--- Goal of the exercise ---
Each line that includes the word "Suites" should be copied from the records.

--- Given entries ---
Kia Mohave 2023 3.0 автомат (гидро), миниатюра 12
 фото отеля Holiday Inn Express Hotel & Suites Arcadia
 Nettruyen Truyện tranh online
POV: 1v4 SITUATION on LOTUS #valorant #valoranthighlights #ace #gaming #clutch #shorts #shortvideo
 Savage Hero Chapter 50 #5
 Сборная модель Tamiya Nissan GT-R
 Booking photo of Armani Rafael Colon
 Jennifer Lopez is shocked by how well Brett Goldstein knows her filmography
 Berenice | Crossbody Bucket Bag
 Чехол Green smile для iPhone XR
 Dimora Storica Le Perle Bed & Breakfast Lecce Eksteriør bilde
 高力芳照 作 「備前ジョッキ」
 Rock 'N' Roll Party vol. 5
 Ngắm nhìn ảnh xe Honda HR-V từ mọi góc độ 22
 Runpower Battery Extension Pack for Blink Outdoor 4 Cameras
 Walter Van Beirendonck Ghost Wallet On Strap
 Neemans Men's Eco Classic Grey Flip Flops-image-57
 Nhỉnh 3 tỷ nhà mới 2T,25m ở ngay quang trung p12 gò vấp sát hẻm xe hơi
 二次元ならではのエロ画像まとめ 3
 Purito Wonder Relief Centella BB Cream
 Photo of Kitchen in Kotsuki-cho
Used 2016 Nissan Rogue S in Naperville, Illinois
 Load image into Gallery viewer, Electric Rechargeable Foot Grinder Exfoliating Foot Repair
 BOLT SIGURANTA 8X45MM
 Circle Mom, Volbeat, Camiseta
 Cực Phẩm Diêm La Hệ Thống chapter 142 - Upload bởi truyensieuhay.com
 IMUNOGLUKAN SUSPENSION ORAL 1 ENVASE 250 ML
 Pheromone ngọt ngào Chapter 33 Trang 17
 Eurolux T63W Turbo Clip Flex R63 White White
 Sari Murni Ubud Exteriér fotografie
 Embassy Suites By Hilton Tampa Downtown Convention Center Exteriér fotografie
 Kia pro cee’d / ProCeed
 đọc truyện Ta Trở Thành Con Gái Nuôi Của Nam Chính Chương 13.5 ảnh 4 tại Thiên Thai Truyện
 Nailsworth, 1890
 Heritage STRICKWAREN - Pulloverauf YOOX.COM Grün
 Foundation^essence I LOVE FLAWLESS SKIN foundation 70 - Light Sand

--- Solution below ---
 фото отеля Holiday Inn Express Hotel & Suites Arcadia
 Embassy Suites By Hilton Tampa Downtown Convention Center Exteriér fotografie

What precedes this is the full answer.